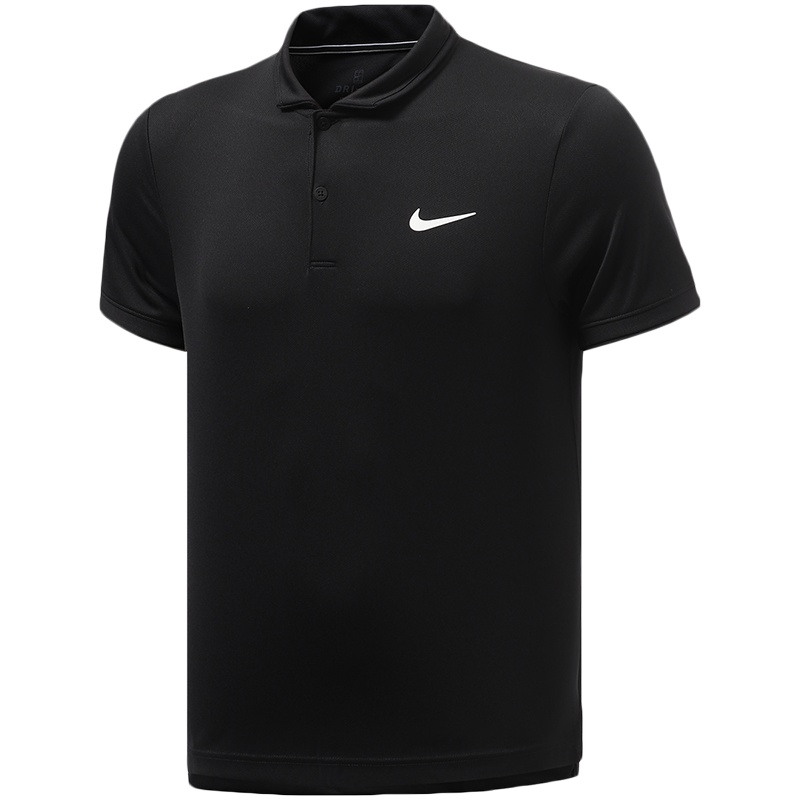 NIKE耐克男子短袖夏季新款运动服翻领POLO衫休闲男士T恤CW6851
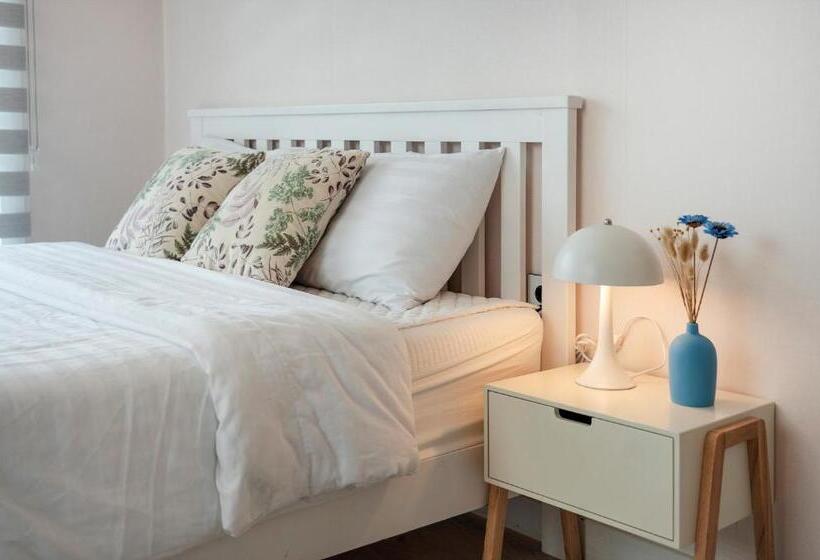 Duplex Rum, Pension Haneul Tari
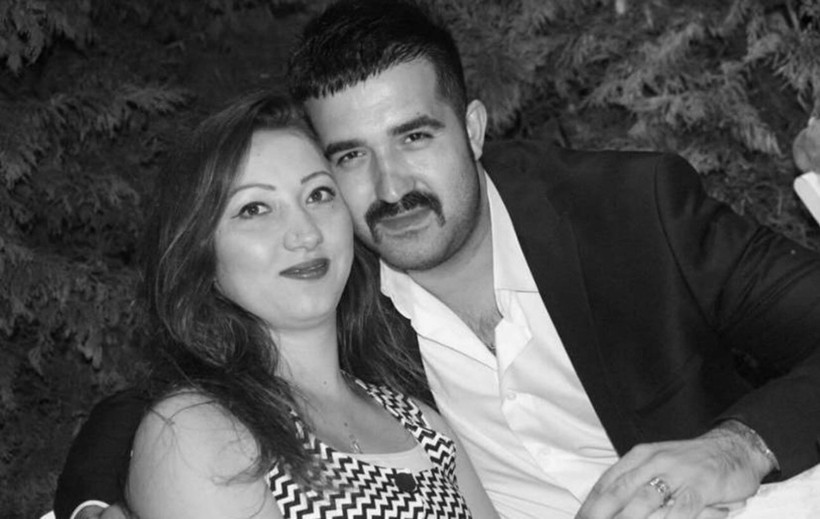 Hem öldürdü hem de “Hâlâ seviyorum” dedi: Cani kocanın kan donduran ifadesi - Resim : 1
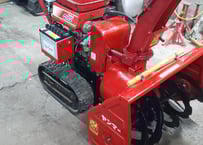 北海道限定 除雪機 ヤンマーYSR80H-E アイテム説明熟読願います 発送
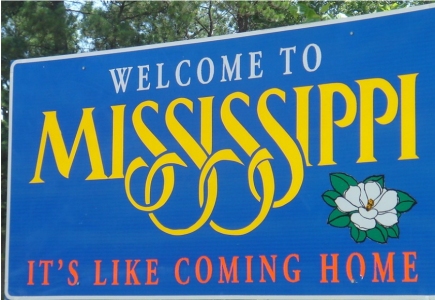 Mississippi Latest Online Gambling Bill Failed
--
» **Task to carry out**
The line that contains "Duplex Rum, Pension Haneul Tari" begins the part to retype, and the last line of the records above ends it. Retype both and everything between, exactly, without the pictures.

» **Result below**
 Duplex Rum, Pension Haneul Tari
 Hem öldürdü hem de “Hâlâ seviyorum” dedi: Cani kocanın kan donduran ifadesi - Resim : 1
 北海道限定 除雪機 ヤンマーYSR80H-E アイテム説明熟読願います 発送
 Mississippi Latest Online Gambling Bill Failed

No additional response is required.